Problem 2 Dose (education), Response (wage)
Is your education worth it? worth anything? Only the economists (claim to) know.
But we do have some (old) data that is used alot at present. It really does pertain to your grandparents (almost).
Keep in mind for the salary data that one dollar in 1976 equates to about $4.25 in 2017.
-------------------------------------
card.data {ivmodel} R Documentation
Card (1995) Data
Description: Data from the National Longitudinal Survey of Young Men (NLSYM) that was used by Card (1995).
Usage data(card.data)
Format A data frame with 3010 observations on 35 variables.
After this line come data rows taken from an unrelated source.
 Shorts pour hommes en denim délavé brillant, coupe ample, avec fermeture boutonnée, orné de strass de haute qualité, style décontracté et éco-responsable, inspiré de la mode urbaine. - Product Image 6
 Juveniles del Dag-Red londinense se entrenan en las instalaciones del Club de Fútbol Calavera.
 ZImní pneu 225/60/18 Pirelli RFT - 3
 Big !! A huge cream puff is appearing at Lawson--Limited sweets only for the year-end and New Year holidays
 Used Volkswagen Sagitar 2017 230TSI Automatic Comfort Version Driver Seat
for full description ?card.data or ivmodel manual page
-------------------------------------
The ivmodel package is from a friend of this course, Hyunseung Kang co-Author and Maintainer, package ivmodel https://cran.r-project.org/web/packages/ivmodel/ivmodel.pdf
vignette: to appear Journal of Statistical Software http://www.stat.wisc.edu/~hyunseung/ivmodel.pdf
ivmodel: An R Package for Inference and Sensitivity Analysis of Instrumental Variables Models with One Endogenous Variable
The ivmodel vignette section 7 uses the Card data; these data are available in the ivmodel package (and many other R locations)
-------------------------------------------------------------------------------------------------------------------------------
The objective of all the various analyses of these data are a basic dose-response conclusion in the form of returns to schooling.
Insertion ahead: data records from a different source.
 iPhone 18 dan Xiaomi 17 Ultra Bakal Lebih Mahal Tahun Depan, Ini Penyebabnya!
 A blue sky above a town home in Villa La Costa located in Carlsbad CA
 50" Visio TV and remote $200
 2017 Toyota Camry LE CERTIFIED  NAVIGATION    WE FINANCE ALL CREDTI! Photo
Note dose-response the topic of Week 7 Computing Corner
Dose is amount of education. In the data set
educ subject's years of education (an integer from 1 to 18)
Response (outcome) is wages in cents per hour in 1976: outcome variable used is lwage.
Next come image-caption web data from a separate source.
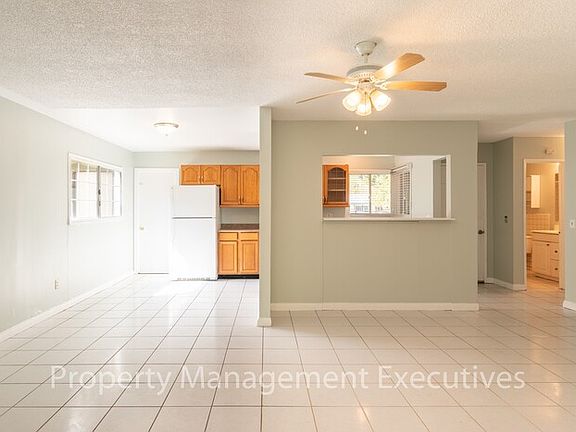 3rd image of 5302 Auburn Dr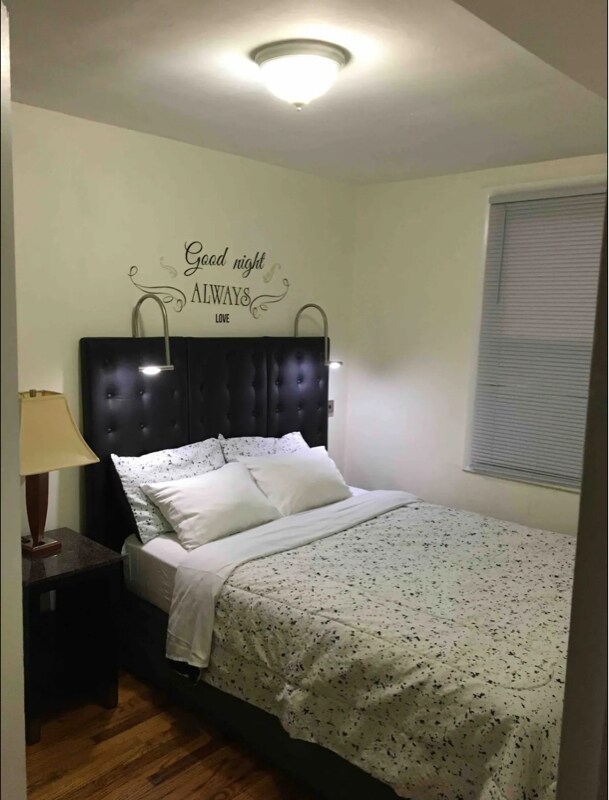 Building Photo - 1136 45th St NE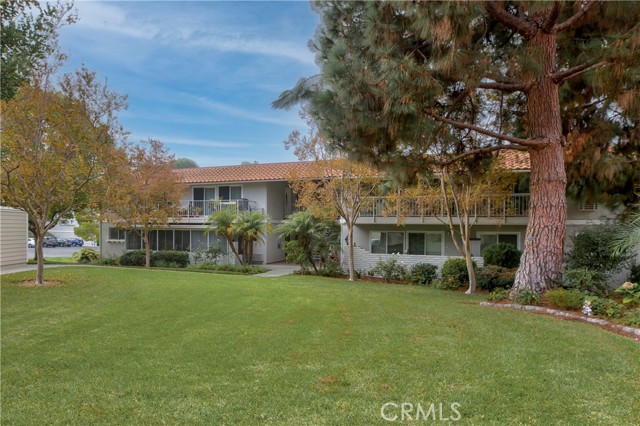 Image 3 for 813 Via Alhambra #B, Laguna Woods, CA 92637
The dataset contains many interesting and useful measures, with the most useful having alot of missing data (e.g. fatheduc, motheduc, IQ)
and therefore are not employed in this problem exercise. (In real life I'd probably do some mice or equivalents at certain points, but here
I try to keep things simpler.)
part a. Basic dose-response.
i. A stat60 student might investigate the question: what is the change in "response" log-wage (lwage) for a unit change in "dose" (educ).
Does a straight-line fit (constant effect of a unit change in educ) appear adequate in these data? What is the prima facie dose-response
curve and the effect of increasing the dose one unit? Give a point-estimate and confidence interval.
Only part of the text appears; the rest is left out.